_WHAT YOU SHOULD DO:_ Both the line with "12PCS Lucky Golden" and the line with "Parlak oturma odasının" in the records below must appear in the output, along with every line between them, exactly and with nothing added.

_DATA FOR ANALYSIS:_
_ _ _ _

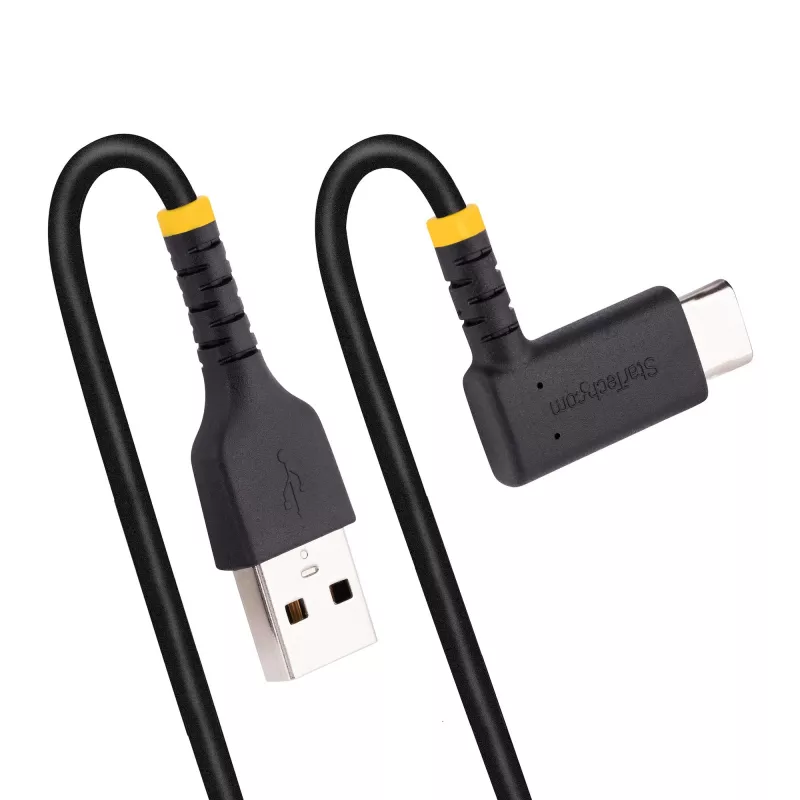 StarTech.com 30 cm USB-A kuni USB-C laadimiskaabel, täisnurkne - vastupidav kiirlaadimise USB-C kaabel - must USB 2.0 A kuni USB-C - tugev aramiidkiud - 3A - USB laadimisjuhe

_ _ _ _

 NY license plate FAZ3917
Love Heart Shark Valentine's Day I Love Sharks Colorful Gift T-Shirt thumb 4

_ _ _ _

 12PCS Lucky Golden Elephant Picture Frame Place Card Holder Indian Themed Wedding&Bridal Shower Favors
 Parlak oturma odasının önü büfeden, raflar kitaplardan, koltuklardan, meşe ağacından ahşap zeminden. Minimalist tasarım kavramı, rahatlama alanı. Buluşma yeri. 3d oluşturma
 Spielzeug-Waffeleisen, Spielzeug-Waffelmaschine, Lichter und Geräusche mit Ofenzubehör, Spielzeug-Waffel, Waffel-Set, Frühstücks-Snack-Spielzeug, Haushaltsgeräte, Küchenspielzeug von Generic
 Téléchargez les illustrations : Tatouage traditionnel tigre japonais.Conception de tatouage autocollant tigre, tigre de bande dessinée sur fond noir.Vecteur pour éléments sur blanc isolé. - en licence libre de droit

_ _ _ _

_RESPONSE FOR THIS EXERCISE:_
 12PCS Lucky Golden Elephant Picture Frame Place Card Holder Indian Themed Wedding&Bridal Shower Favors
 Parlak oturma odasının önü büfeden, raflar kitaplardan, koltuklardan, meşe ağacından ahşap zeminden. Minimalist tasarım kavramı, rahatlama alanı. Buluşma yeri. 3d oluşturma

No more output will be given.